To resolve this issue, we can change the join keys manually, so that the larger partitions get split into smaller ones. This is called salting.
Salted Join Example#
First, create a Spark session. Note that the DataFrame used in this example is artificially created and is ten million rows long, so this may not work if using a local session with only a small amount of memory. Note that broadcast joins are being disabled by default.
import os
from pyspark.sql import SparkSession, functions as F
spark = (SparkSession.builder.master("local[2]")
.appName("joins")
# Disable Broadcast join by default
.config("spark.sql.autoBroadcastJoinThreshold", -1)
.getOrCreate())
library(sparklyr)
library(dplyr)
no_broadcast_config <- sparklyr::spark_config()
# Disable Broadcast join by default
no_broadcast_config$spark.sql.autoBroadcastJoinThreshold <- -1
sc <- sparklyr::spark_connect(
master = "local[2]",
app_name = "joins",
config = no_broadcast_config)
Create a DataFrame with excessive skew by using spark.range()
/sdf_seq()
to create a one column DF with an id
column, then assigning an arbitrary letter from A
to E
.
row_ct = 10**7
skewed_df = spark.range(row_ct).withColumn("join_col", F.when(F.col("id") < 100, "A")
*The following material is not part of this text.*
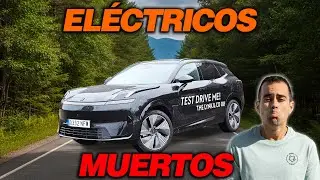 ✅ AS&Iacute; es el LYNK&CO 08 🚗 OPINIONES SINCERAS del H&Iacute;BRIDO ENCHUFABLE con M&Aacute;S AUTONOM&Iacute;A (200 km)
.when(F.col("id") < 1000, "B")
.when(F.col("id") < 10000, "C")
.when(F.col("id") < 100000, "D")
.otherwise("E"))
row_ct <- 10 ** 7
skewed_df <- sparklyr::sdf_seq(sc, 0, row_ct - 1) %>%
sparklyr::mutate(join_col = dplyr::case_when(
id < 100 ~ "A",
id < 1000 ~ "B",
id < 10000 ~ "C",
id < 100000 ~ "D",
TRUE ~ "E"))
To show just how skewed this DF is, group the data by join_col
and get the row count; 99% of the values of join_col
are "E"
:
(skewed_df
.groupBy("join_col")
.count()
.withColumn("pct_of_data", F.round((F.col("count") / row_ct) * 100, 3))
.show())
skewed_df %>%
dplyr::group_by(join_col) %>%
dplyr::summarise(count = n()) %>%
sparklyr::mutate(pct_of_data = round((count / row_ct) * 100, 3)) %>%
sparklyr::collect() %>%
print()
+--------+-------+-----------+
|join_col| count|pct_of_data|
+--------+-------+-----------+
| E|9900000| 99.0|
| B| 900| 0.009|
| D| 90000| 0.9|
| C| 9000| 0.09|
| A| 100| 0.001|
+--------+-------+-----------+
# A tibble: 5 × 3
join_col count pct_of_data
<chr> <dbl> <dbl>
1 B 900 0.009
2 E 9900000 99
3 D 90000 0.9
4 C 9000 0.09
5 A 100 0.001
Create another DF, small_df
that will be joined to skewed_df
. This is a simple mapping of letters to numbers.
small_df = spark.createDataFrame([
["A", 1],
["B", 2],
["C", 3],
["D", 4],
["E", 5]
], ["join_col", "number_col"])
small_df <- sparklyr::sdf_copy_to(sc, data.frame(
join_col = LETTERS[1:5],
number_col = 1:5))
Now join, using the default Sort Merge Join:
joined_df = skewed_df.join(small_df, on="join_col", how="left")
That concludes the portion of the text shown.